== Instructions to follow ==
Wherever a line in the data holds the word "Stainless", pull that line out.

== Data ==
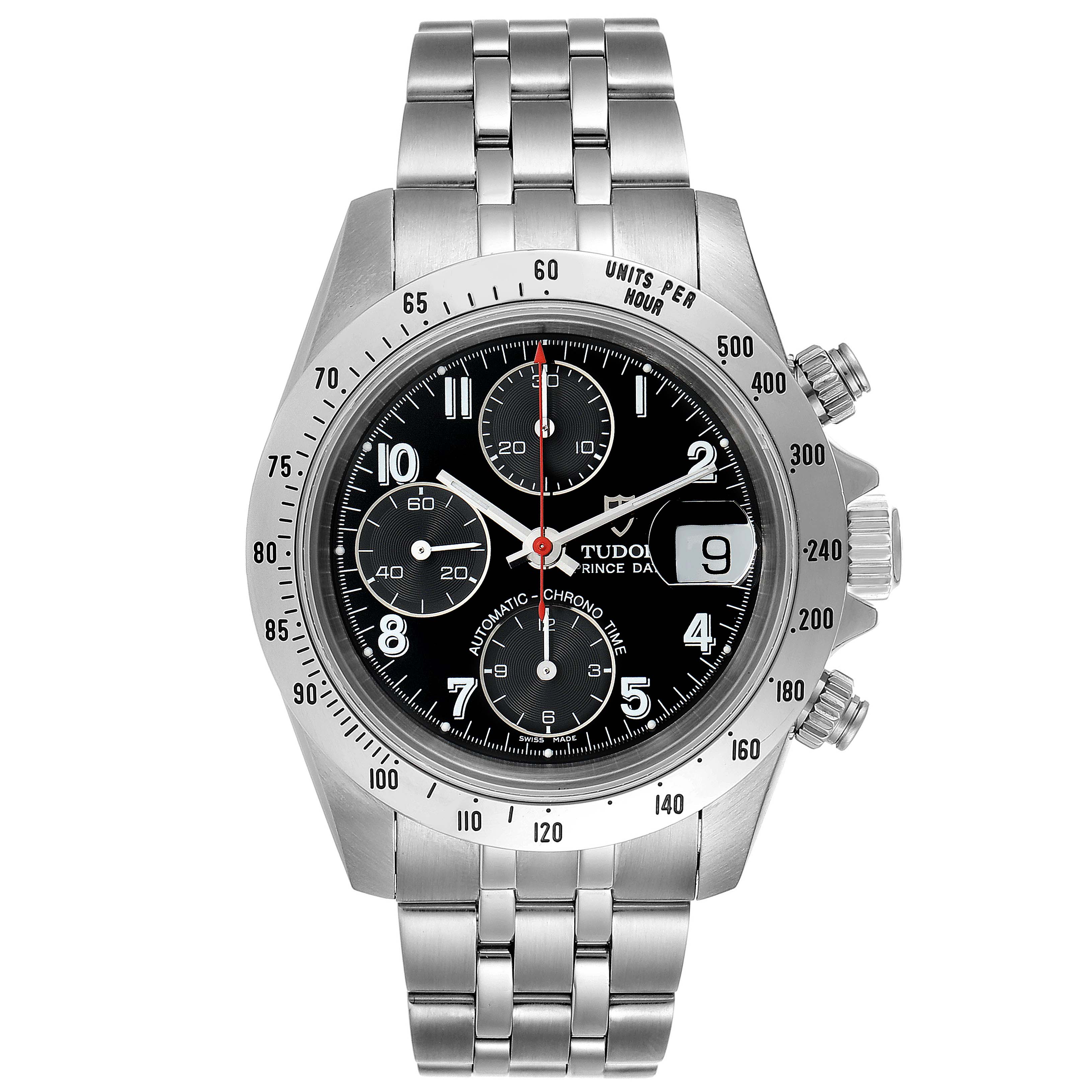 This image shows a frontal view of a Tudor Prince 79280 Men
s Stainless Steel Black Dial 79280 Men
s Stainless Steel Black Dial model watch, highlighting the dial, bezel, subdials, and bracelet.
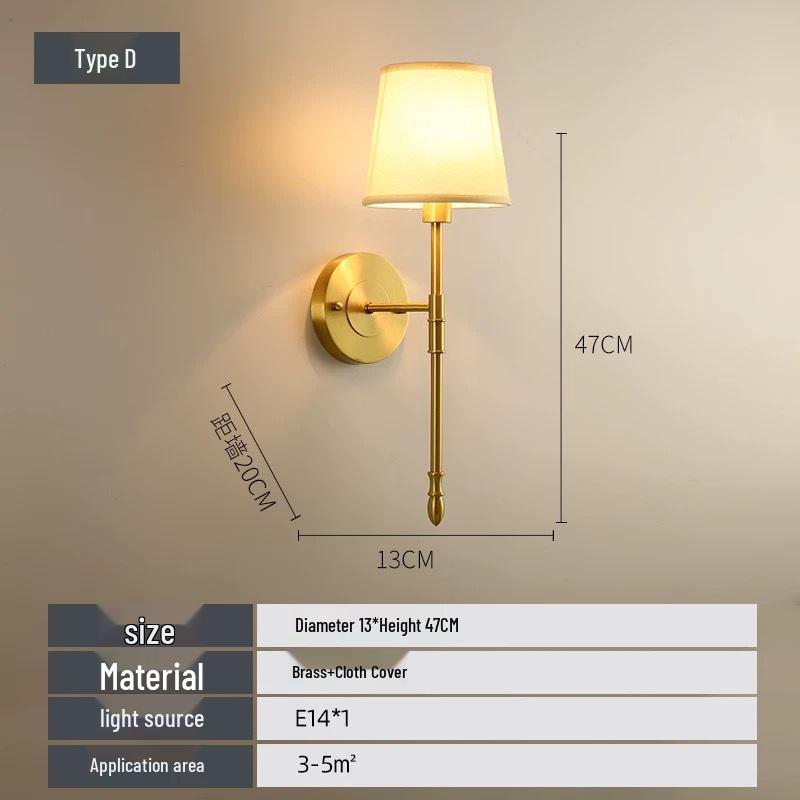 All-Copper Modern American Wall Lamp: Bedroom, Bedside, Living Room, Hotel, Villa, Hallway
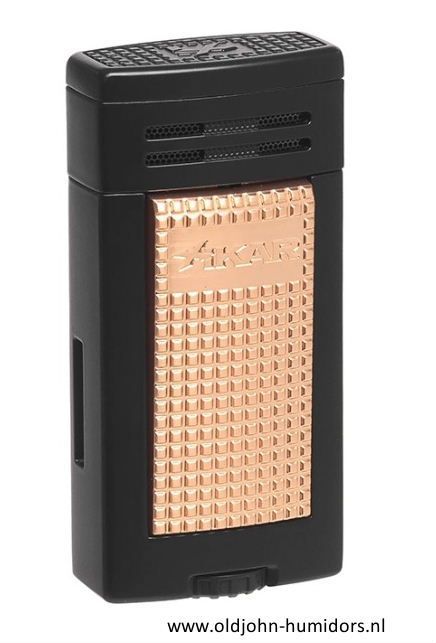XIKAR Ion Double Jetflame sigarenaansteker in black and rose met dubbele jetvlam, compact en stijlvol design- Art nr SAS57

== Result below ==
s Stainless Steel Black Dial 79280 Men
s Stainless Steel Black Dial model watch, highlighting the dial, bezel, subdials, and bracelet.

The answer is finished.